_What you are asked to do:_ In the records below, find the line containing "As we can see" and print it and every line after it exactly, through the end. Skip pictures.

_ _ _ _ _

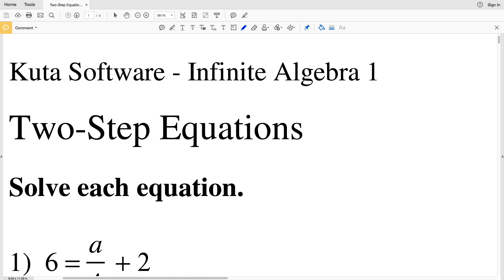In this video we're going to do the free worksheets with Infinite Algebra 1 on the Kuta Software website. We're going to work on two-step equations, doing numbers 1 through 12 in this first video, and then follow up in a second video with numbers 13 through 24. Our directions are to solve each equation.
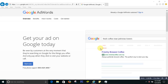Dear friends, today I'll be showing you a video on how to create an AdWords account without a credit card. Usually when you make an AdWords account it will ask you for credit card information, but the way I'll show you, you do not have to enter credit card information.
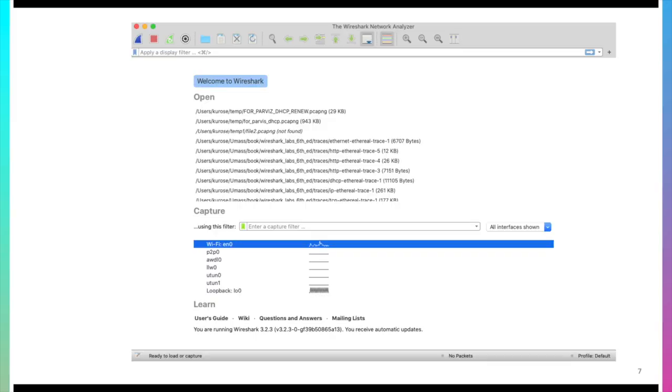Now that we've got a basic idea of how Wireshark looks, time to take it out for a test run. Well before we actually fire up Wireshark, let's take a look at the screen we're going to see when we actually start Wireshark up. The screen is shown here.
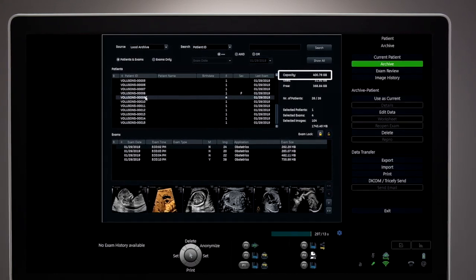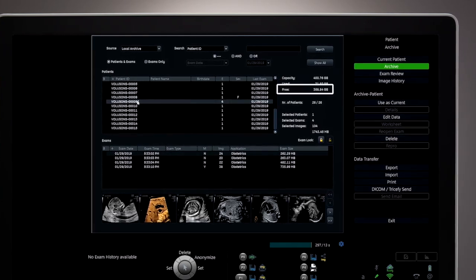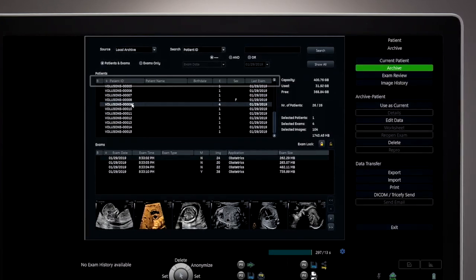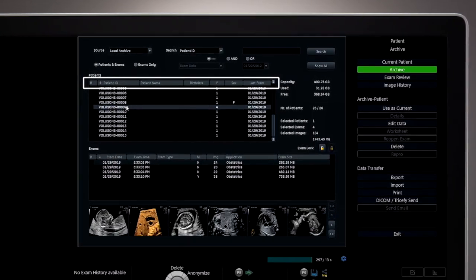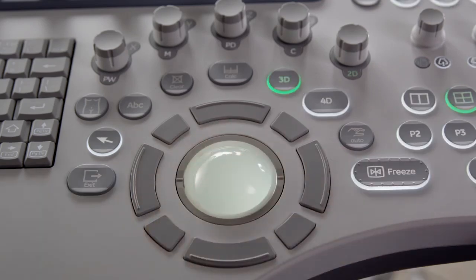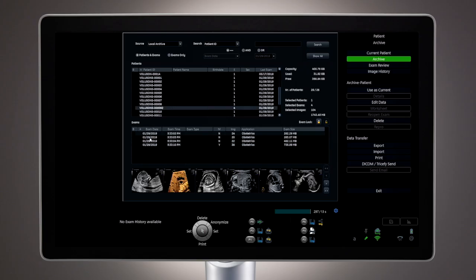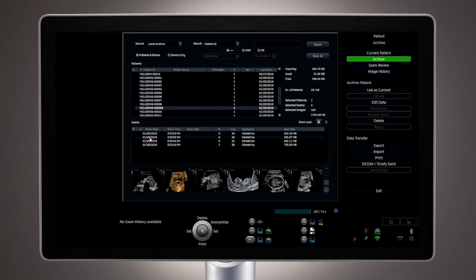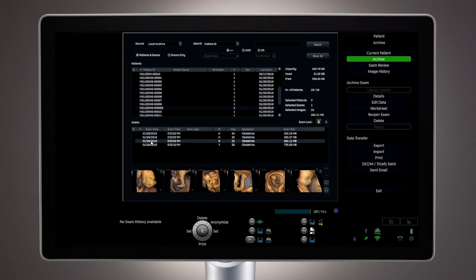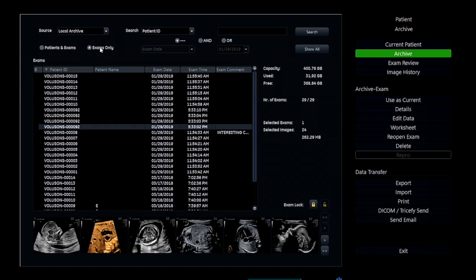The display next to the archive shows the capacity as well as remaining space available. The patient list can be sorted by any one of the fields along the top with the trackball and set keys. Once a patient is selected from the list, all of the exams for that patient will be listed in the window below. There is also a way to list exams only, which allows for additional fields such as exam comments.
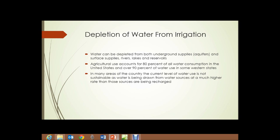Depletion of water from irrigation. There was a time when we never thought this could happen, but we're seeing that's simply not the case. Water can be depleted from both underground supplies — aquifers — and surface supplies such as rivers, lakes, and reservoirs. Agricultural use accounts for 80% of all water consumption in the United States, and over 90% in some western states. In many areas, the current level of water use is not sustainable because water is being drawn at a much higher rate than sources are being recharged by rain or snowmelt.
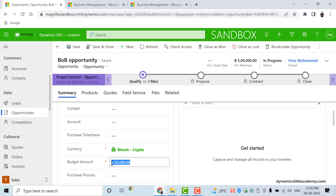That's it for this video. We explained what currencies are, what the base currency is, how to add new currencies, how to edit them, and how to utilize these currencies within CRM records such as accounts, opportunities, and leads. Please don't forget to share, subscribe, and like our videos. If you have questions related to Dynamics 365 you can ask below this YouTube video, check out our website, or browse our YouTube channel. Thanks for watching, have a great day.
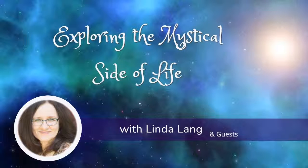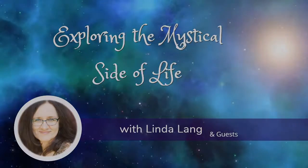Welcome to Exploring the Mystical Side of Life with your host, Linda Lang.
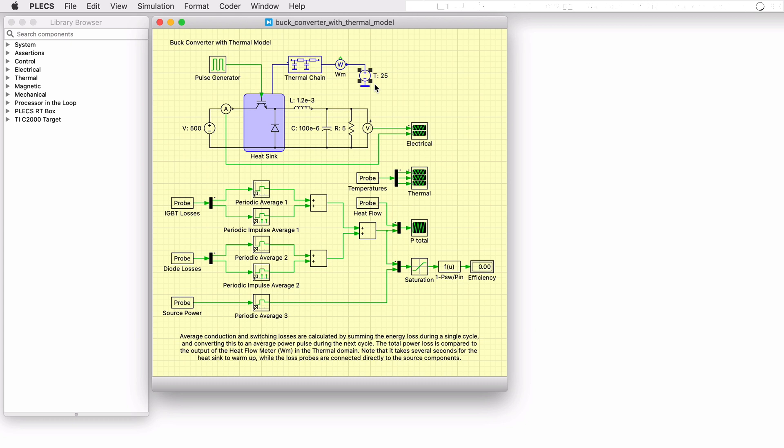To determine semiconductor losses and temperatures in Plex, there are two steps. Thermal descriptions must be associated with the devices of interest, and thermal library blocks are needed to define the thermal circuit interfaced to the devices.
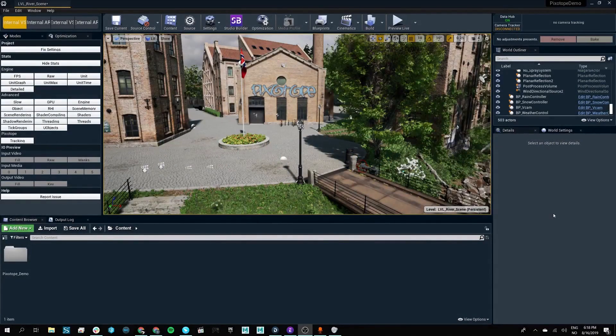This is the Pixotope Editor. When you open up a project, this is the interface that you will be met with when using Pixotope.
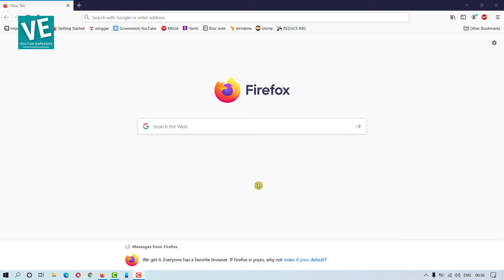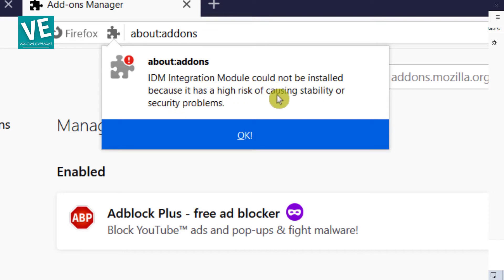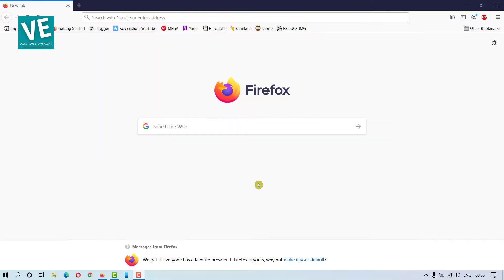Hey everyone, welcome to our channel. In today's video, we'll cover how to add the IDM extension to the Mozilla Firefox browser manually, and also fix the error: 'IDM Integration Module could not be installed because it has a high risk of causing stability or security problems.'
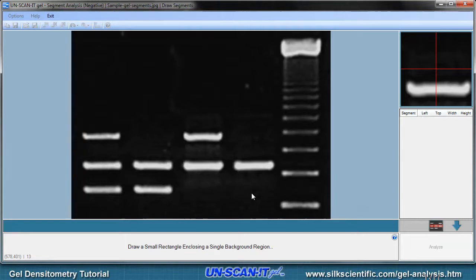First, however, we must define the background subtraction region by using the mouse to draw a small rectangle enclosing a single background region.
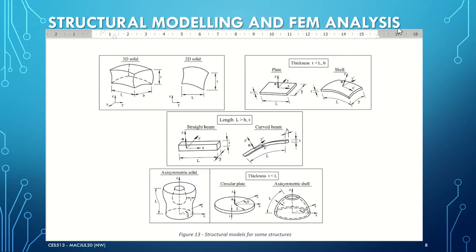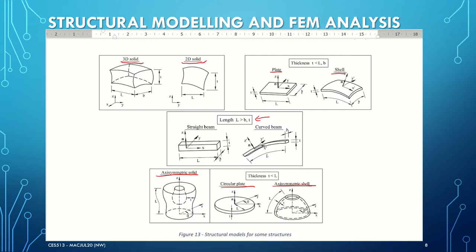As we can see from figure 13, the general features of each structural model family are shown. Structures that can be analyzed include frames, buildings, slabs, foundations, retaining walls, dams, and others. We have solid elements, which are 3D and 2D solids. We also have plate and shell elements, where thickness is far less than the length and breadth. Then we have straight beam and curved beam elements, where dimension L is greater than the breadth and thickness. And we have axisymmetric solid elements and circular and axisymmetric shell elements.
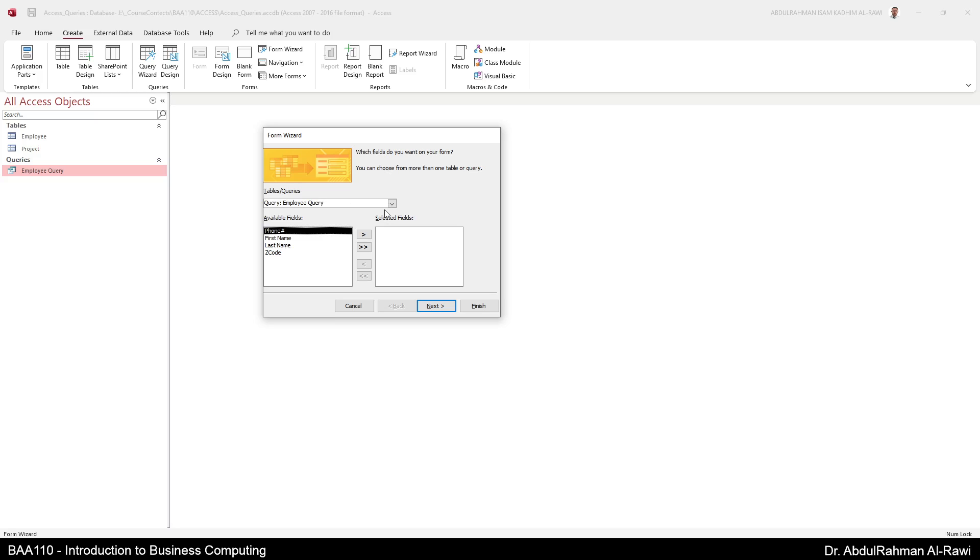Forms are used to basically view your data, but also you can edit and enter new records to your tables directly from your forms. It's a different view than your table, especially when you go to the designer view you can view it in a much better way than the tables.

_ _ _ _ _

_Exercise answer:_
As we can see from figure 13, the general features of each structural model family are shown. Structures that can be analyzed include frames, buildings, slabs, foundations, retaining walls, dams, and others. We have solid elements, which are 3D and 2D solids. We also have plate and shell elements, where thickness is far less than the length and breadth. Then we have straight beam and curved beam elements, where dimension L is greater than the breadth and thickness. And we have axisymmetric solid elements and circular and axisymmetric shell elements.
Forms are used to basically view your data, but also you can edit and enter new records to your tables directly from your forms. It's a different view than your table, especially when you go to the designer view you can view it in a much better way than the tables.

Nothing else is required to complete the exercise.